Download the data from my Kaggle repository. Additional images can be added first by downsizing using transform_image_resolution.py and labeled using labelImg. The data from Kaggle comes with the CSVs already made. Adding additional data will create new XML files that have to be converted to CSV using xml_to_csv.py. Image transformation and xml to csv scripts come from Gilbert Tanners Creating your own object detector post on towards data science.

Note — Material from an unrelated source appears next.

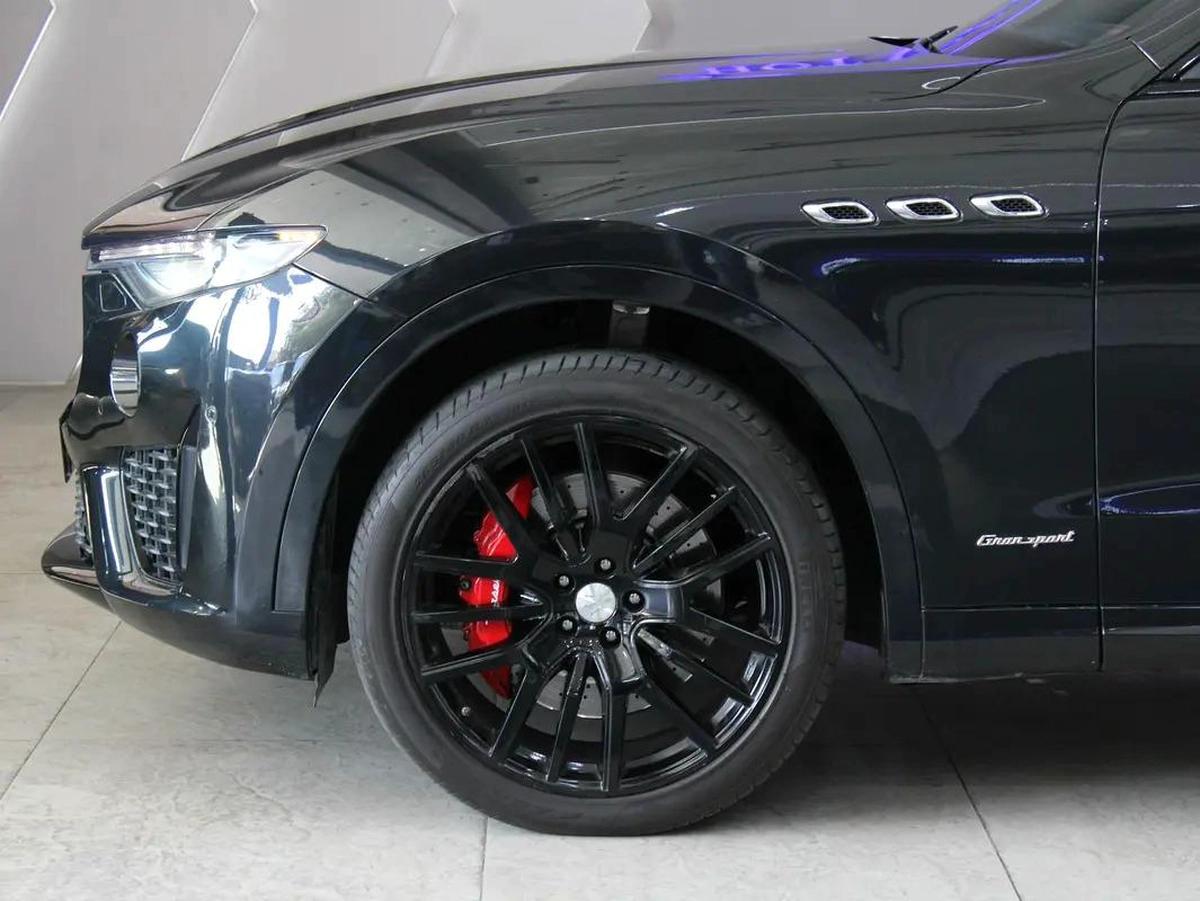 2019 - Maserati Levante SQ4 GCC-9-9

Dataset on Kaggle: www.kaggle.com/dataset/3122f8d0287f6094b28d66e36b216b3a278eae858b6c7cb10f821010825397a2
The labelmap.pbtxt file contains the information on the classes. There are four classes one for each stroke: freestyle, backstroke, butterfly, and breaststroke. Below is the example for freestyle.
item {
name: "freestyle"
id: 1
}
The uploaded file contains a notebook that train and run the model (I also included the notebook as a Python script in case that is easier to run). The notebook is from the tutorial made by Hugo Zanini on the TensorFlow Blog. I tweaked the number of classes, learning parameters, training length, and batch size for best results. All those values are already set up in the notebook.
I ran the notebook in Google Colab. Running in Colab gives access to GPUs and the download speeds to Colab are significantly faster than to my local machine.
The notebook first clones TensorFlow object detection, converts proto files to python, and downloads data from Kaggle if it is not already present. The labelmap is used to convert the training and testing photos to .record files. Once everything is setup the notebook will train and evaluate the model. A few image test images for reference are included at the bottom.
The results folder contains two screenshots of accuracy information from testing. First I trained the model to 7,000 then evaluated the progress to make sure everything worked properly. Then I let the model train until 10,000 steps and evaluated again. That is equivalent to approximately 4 hours of training in Google Colab. The results folder also contains the images that are in the paper.
Huge thanks to the TensorFlow Blog post. I could not have done this project without all the super helpful explanations there.